Im geführten HRZ - Verfahren liegen sowohl die XXXX als auch ein unterschriebenes Formblatt auf. Die XXXX geht daher von einer HRZ-Ausstellung aus. Es erfolgten im HRZ-Verfahren wiederholt Urgenzen, zuletzt am 25.03.2019.

Aufgrund der Anhaltedauer erlaubt sich das BFA den SIM-Akt gem. § 22a Abs. 4 BFA-VG zu übermitteln.

Es wird beantragt, das Bundesverwaltungsgericht möge: 1. die Schubhaft zu o.a. Verfahrenszwecke weiter aufrechterhalten."

Des Weiteren teilte das BFA mit, dass amtswegige Überprüfungen der Verhältnismäßigkeit am 04.01.2019, 23.01.2019 sowie am 28.02.2019 erfolgten.

Das Bundesverwaltungsgericht hat von Amts wegen erwogen:

1. Feststellungen:

Der angeführte Verfahrensgang und die zitierten Entscheidungsgründe der Vorentscheidung werden übernommen und zu Feststellungen in der gegenständlichen Entscheidung erhoben; ebenso die von der Verwaltungsbehörde in ihrer Stellungnahme anlässlich der Aktenvorlage angeführten Ausführungen (u.a. zum Heimreisezertifikat).

Auf der Tatsachenebene liegt keine Änderung - die Fluchtgefahr betreffend - vor.

Der BF ist haftfähig, es sind keine Umstände hervorgekommen, dass die weitere Inschubhaftnahme unverhältnismäßig wäre.

2. Beweiswürdigung:

Verfahrensgang, die getroffenen Feststellungen und die Haftfähigkeit des BF ergeben sich aus dem vorgelegten Verwaltungsakt der Behörde und dem Gerichtsakt des Bundesverwaltungsgerichtes, insbesondere der zitierten Vorentscheidung. Auch die Entscheidungsgründe der Vorentscheidung werden der gegenständlichen Entscheidung zugrunde gelegt. Das Bundesverwaltungsgericht hatte sich nach Durchführung einer Verhandlung umfassend mit dem damaligen Beschwerdevorbringen auseinandergesetzt und konnte daher aufgrund des vorgelegten Aktes, des Verfahrensganges und der Beschwerde von der Anberaumung einer mündlichen Verhandlung wegen geklärten Sachverhalts abgesehen werden.

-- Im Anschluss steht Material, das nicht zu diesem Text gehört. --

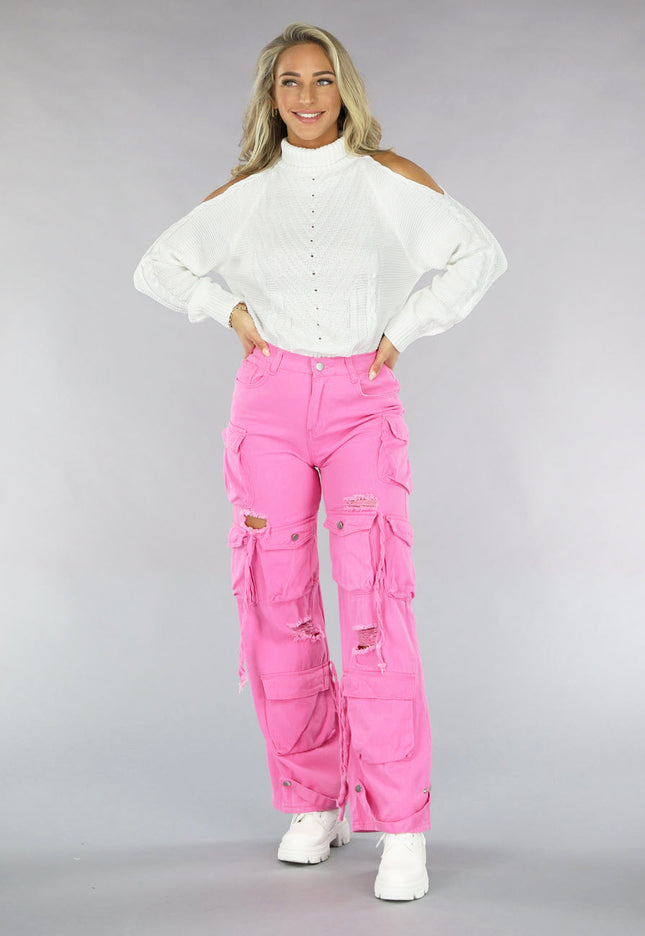 OP=OP.27.NL Roze Cargo Jeans met Gaten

Im Besonderen ist hervorzuheben, dass die Behörde dargetan hat, dass sie sich im vorliegenden Fall um die Ausstellung eines Heimreisezertifikates bemüht. Nach den Erfahrungswerten ist davon auszugehen, dass ein Heimreisezertifikat von der Botschaft der Mongolei - den Beschwerdeführer betreffend - erlangt werden kann.

3. Rechtliche Beurteilung

Zu Spruchpunkt I. - Fortsetzung der Schubhaft

Soll ein Fremder länger als vier Monate durchgehend in Schubhaft angehalten werden, so ist gemäß § 22a Abs. 4 BFA-VG idgF die Verhältnismäßigkeit der Anhaltung nach dem Tag, an dem das vierte Monat überschritten wurde, und danach alle vier Wochen vom Bundesverwaltungsgericht zu überprüfen. Das Bundesamt hat die Verwaltungsakten so rechtzeitig vorzulegen, dass dem Bundesverwaltungsgericht eine Woche zur Entscheidung vor den gegenständlichen Terminen bleibt. Mit Vorlage der Verwaltungsakten gilt die Beschwerde als für den in Schubhaft befindlichen Fremden eingebracht. Das Bundesamt hat darzulegen, warum die Aufrechterhaltung der Schubhaft notwendig und verhältnismäßig ist. Das Bundesverwaltungsgericht hat jedenfalls festzustellen, ob zum Zeitpunkt seiner Entscheidung die für die Fortsetzung der Schubhaft maßgeblichen Voraussetzungen vorliegen und ob die Aufrechterhaltung der Schubhaft verhältnismäßig ist. Diese Überprüfung hat zu entfallen, soweit eine Beschwerde gemäß Abs. 1 bereits eingebracht wurde.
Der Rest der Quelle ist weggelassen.